**Exercise prompt**
Everything from the line containing "Pressed Wildflower Botanical" through the last line of the entries needs to be repeated exactly. Pictures must be left out.

[[ Input, beginning ]]

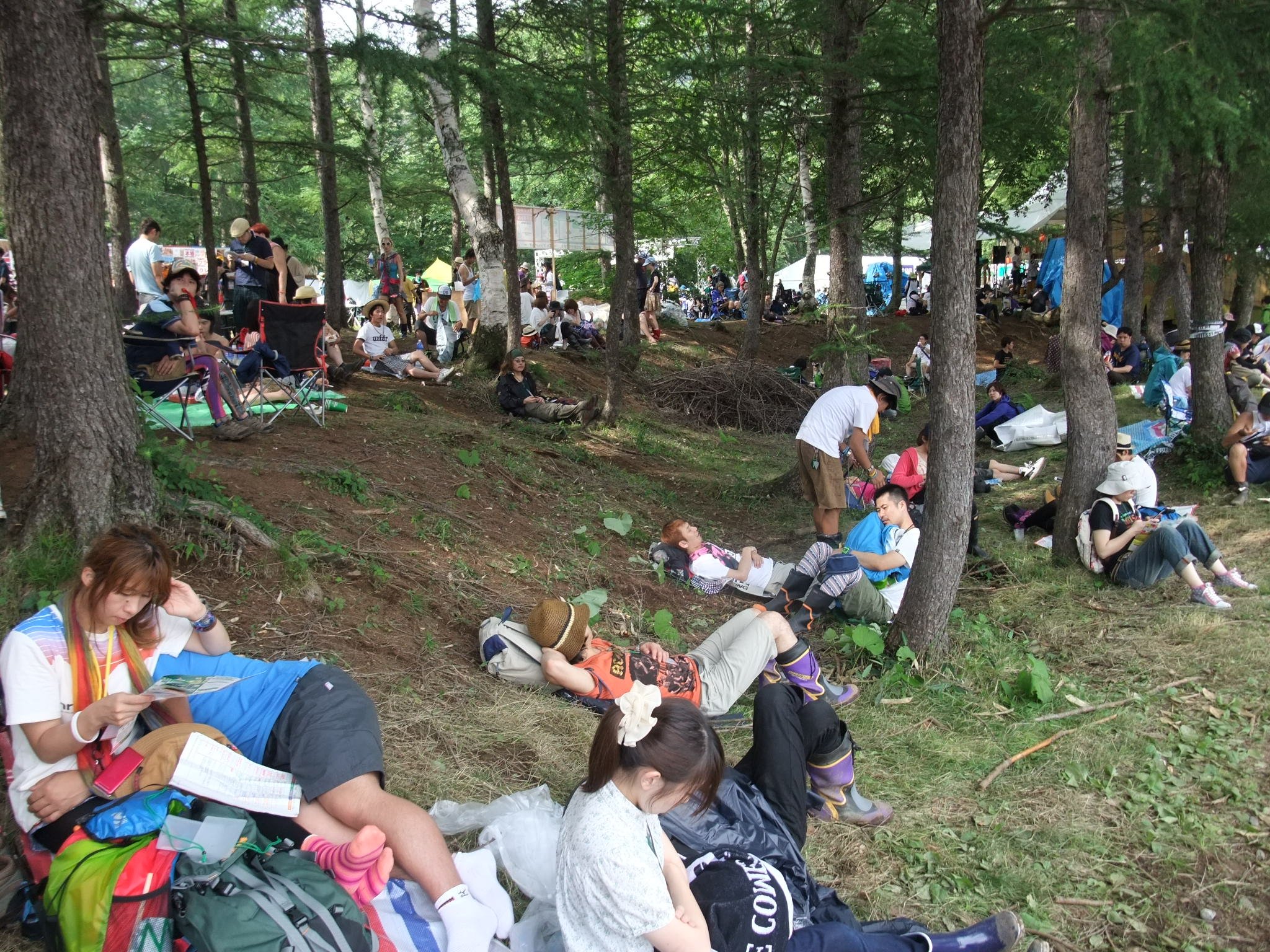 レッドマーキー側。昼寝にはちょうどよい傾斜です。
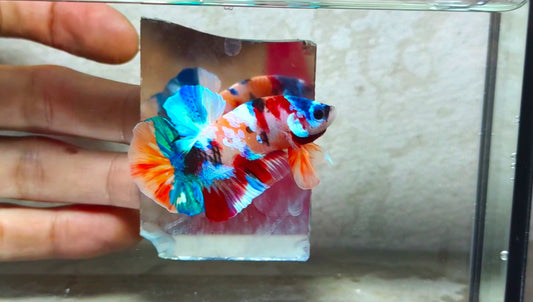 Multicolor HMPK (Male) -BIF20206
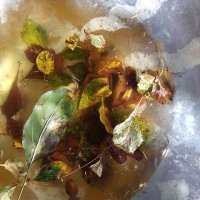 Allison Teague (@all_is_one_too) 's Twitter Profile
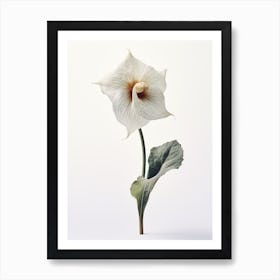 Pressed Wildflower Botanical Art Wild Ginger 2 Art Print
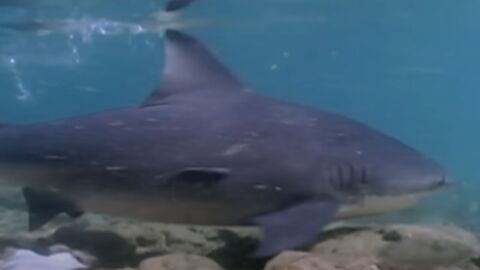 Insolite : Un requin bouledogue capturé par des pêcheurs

[[ Input, end ]]

**Result**
 Pressed Wildflower Botanical Art Wild Ginger 2 Art Print
 Insolite : Un requin bouledogue capturé par des pêcheurs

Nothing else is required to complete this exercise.